§ **What needs to be done**
From the line with "SHIPS「【SHIPS別注】FRED PERRY: シングル" through the line with "Jessica Angel Jessica", inclusive, return each line of the data below exactly and leave the rest out.

═════ Provided data ═════

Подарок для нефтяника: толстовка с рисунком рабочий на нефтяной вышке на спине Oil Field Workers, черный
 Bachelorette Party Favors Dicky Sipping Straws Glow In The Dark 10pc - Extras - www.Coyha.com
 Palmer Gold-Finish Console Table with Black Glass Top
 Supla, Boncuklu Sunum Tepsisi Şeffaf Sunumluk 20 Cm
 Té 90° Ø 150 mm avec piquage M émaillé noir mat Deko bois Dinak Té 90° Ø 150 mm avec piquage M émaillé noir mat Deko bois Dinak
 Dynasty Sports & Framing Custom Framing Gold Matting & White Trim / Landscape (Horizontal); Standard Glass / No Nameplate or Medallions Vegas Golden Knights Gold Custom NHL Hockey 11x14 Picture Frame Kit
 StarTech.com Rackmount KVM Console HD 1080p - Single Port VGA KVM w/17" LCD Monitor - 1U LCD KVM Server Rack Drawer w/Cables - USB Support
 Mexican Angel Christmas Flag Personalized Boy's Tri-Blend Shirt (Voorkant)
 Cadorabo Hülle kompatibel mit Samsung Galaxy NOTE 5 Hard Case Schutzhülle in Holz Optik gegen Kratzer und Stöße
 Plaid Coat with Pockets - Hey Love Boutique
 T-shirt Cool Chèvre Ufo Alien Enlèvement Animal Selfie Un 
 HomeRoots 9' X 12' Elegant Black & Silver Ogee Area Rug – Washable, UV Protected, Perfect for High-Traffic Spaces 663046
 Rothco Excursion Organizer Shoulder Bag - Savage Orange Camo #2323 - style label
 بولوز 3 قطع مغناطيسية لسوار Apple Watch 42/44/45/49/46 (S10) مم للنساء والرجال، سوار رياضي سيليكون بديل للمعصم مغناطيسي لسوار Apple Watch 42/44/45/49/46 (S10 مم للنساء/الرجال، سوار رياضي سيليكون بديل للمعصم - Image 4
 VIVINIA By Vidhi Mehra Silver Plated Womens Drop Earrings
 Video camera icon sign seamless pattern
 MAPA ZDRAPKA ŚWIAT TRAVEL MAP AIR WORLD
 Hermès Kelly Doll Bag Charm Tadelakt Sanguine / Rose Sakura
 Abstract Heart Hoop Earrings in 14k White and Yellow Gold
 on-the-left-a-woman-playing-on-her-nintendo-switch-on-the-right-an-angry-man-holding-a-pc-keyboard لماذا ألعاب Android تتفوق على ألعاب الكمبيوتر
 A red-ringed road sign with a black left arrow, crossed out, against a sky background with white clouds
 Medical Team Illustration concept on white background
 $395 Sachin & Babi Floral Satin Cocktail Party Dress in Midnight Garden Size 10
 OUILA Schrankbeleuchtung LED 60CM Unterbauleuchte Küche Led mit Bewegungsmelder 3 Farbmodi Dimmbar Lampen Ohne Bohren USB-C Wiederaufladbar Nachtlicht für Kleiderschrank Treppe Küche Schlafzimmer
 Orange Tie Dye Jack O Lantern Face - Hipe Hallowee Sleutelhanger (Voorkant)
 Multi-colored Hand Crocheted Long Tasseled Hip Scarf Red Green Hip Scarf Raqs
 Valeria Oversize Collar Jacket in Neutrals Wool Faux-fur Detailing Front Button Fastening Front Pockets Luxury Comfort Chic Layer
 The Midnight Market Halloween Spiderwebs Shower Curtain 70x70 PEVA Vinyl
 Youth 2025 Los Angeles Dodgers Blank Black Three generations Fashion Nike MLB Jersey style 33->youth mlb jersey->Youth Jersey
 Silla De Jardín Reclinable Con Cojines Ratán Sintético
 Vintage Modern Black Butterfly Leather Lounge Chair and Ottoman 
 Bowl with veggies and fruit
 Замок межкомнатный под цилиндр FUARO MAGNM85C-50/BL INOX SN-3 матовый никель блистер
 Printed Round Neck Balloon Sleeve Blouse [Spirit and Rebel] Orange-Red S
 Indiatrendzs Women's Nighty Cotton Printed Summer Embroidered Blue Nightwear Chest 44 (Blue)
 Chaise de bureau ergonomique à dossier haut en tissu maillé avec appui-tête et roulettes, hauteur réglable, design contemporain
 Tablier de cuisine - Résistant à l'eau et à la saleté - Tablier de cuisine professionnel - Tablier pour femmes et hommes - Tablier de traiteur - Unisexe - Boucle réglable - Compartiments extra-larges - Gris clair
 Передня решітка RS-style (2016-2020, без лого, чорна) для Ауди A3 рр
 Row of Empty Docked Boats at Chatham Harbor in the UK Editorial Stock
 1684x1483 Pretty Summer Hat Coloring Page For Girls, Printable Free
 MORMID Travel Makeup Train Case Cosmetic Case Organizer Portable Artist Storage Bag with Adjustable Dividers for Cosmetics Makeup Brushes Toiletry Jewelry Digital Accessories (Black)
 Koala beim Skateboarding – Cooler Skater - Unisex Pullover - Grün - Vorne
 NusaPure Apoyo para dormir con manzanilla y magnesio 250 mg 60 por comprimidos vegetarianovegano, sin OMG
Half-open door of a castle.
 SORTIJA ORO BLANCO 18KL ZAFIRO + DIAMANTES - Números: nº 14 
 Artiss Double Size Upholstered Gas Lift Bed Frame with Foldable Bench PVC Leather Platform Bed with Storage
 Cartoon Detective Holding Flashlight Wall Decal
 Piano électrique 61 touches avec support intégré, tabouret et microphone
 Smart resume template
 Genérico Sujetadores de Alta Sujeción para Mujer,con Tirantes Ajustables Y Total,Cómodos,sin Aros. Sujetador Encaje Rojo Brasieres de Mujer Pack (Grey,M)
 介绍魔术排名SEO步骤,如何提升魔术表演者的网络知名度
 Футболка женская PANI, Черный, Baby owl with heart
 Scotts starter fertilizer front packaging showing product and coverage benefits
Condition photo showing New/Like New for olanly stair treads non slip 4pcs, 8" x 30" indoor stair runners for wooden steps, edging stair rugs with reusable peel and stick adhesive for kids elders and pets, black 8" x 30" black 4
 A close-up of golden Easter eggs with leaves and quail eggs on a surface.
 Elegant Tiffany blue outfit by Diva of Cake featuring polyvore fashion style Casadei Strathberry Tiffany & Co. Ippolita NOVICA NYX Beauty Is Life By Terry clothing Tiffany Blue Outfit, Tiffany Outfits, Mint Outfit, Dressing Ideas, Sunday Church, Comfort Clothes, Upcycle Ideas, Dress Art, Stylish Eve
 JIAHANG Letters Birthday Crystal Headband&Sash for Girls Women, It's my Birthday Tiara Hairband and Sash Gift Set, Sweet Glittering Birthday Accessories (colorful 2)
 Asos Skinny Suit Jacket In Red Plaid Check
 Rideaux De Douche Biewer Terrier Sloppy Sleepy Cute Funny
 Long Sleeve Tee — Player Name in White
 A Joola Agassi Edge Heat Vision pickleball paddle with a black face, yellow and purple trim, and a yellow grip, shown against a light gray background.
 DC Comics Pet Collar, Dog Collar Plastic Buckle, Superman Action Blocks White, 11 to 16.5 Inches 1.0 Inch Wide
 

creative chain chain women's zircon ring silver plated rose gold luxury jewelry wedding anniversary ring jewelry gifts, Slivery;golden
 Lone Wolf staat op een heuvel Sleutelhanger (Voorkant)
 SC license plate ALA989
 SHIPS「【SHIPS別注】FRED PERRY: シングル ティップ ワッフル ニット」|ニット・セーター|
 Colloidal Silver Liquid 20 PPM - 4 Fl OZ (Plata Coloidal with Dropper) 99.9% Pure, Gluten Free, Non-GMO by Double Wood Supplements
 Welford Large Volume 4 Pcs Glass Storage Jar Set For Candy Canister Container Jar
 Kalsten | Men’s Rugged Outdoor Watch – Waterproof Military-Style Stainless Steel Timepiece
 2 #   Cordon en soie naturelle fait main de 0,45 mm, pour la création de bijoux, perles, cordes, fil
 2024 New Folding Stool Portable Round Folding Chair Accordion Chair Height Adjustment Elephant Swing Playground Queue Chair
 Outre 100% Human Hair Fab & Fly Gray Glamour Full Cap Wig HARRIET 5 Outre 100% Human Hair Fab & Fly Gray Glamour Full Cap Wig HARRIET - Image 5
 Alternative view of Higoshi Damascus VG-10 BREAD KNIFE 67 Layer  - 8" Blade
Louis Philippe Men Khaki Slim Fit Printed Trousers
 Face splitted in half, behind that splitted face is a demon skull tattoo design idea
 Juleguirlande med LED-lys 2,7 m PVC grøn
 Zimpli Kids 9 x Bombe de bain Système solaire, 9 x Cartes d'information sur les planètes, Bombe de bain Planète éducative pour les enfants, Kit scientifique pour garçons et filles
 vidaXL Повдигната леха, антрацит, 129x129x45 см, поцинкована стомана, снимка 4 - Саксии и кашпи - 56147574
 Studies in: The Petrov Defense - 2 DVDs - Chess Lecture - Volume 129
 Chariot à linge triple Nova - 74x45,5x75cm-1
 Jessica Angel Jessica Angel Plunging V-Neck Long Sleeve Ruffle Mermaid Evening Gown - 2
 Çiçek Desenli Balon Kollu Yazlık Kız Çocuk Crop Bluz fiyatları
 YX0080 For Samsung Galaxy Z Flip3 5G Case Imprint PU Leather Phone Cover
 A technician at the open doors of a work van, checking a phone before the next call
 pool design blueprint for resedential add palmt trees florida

═════

§ **Solution**
 SHIPS「【SHIPS別注】FRED PERRY: シングル ティップ ワッフル ニット」|ニット・セーター|
 Colloidal Silver Liquid 20 PPM - 4 Fl OZ (Plata Coloidal with Dropper) 99.9% Pure, Gluten Free, Non-GMO by Double Wood Supplements
 Welford Large Volume 4 Pcs Glass Storage Jar Set For Candy Canister Container Jar
 Kalsten | Men’s Rugged Outdoor Watch – Waterproof Military-Style Stainless Steel Timepiece
 2 #   Cordon en soie naturelle fait main de 0,45 mm, pour la création de bijoux, perles, cordes, fil
 2024 New Folding Stool Portable Round Folding Chair Accordion Chair Height Adjustment Elephant Swing Playground Queue Chair
 Outre 100% Human Hair Fab & Fly Gray Glamour Full Cap Wig HARRIET 5 Outre 100% Human Hair Fab & Fly Gray Glamour Full Cap Wig HARRIET - Image 5
 Alternative view of Higoshi Damascus VG-10 BREAD KNIFE 67 Layer  - 8" Blade
Louis Philippe Men Khaki Slim Fit Printed Trousers
 Face splitted in half, behind that splitted face is a demon skull tattoo design idea
 Juleguirlande med LED-lys 2,7 m PVC grøn
 Zimpli Kids 9 x Bombe de bain Système solaire, 9 x Cartes d'information sur les planètes, Bombe de bain Planète éducative pour les enfants, Kit scientifique pour garçons et filles
 vidaXL Повдигната леха, антрацит, 129x129x45 см, поцинкована стомана, снимка 4 - Саксии и кашпи - 56147574
 Studies in: The Petrov Defense - 2 DVDs - Chess Lecture - Volume 129
 Chariot à linge triple Nova - 74x45,5x75cm-1
 Jessica Angel Jessica Angel Plunging V-Neck Long Sleeve Ruffle Mermaid Evening Gown - 2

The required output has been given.